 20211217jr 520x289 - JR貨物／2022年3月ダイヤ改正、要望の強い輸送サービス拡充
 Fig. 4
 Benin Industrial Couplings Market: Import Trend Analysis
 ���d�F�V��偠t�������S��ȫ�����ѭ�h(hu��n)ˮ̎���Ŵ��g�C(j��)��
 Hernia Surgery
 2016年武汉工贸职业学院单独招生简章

==

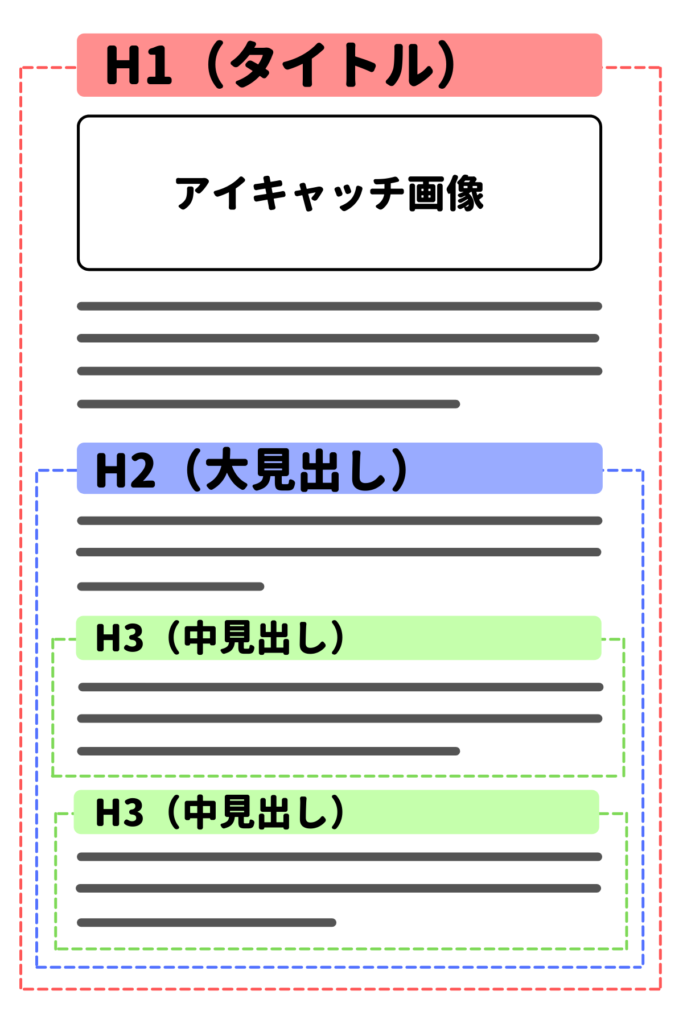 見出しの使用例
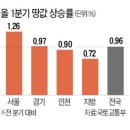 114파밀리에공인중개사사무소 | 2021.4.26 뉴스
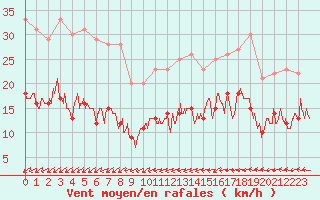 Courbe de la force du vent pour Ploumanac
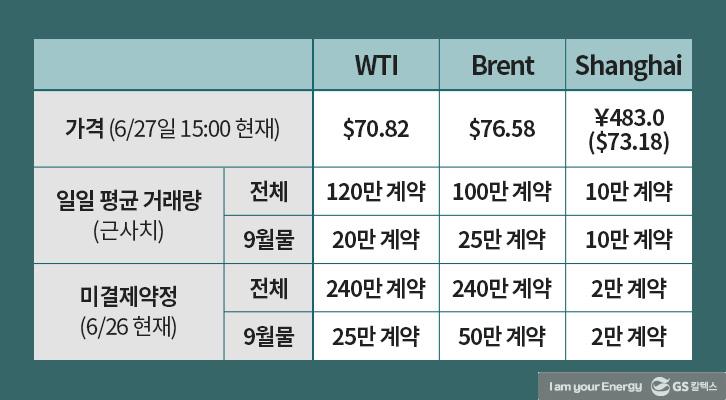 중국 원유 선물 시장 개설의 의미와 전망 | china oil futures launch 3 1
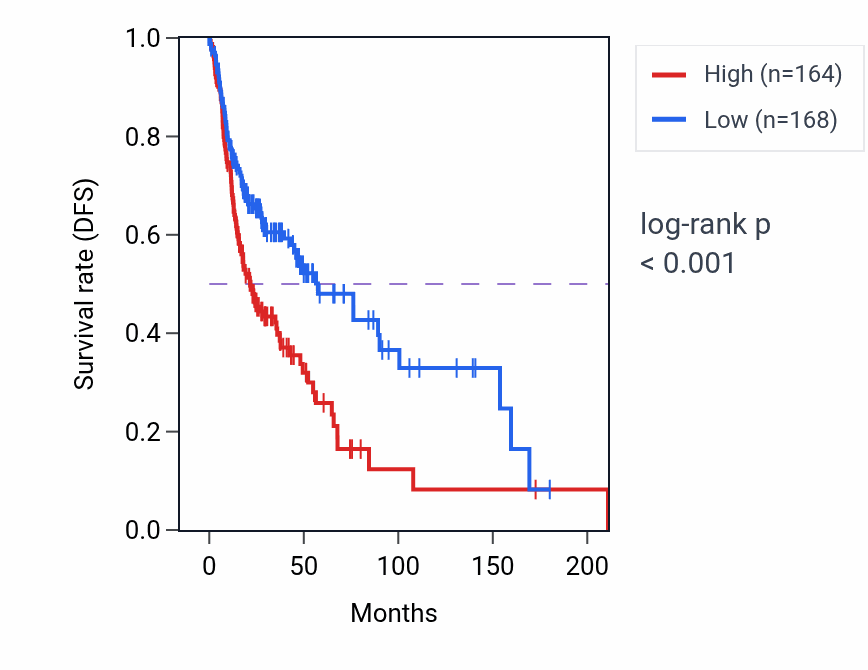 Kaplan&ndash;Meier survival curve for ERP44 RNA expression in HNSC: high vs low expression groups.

Work to be completed -> Only the lines above from the one with "중국 원유 선물 시장" to the one with "Kaplan&ndash;Meier survival curve" should be printed, both included and exactly as written; no picture belongs in the copy.

Problem solution ->
 중국 원유 선물 시장 개설의 의미와 전망 | china oil futures launch 3 1
 Kaplan&ndash;Meier survival curve for ERP44 RNA expression in HNSC: high vs low expression groups.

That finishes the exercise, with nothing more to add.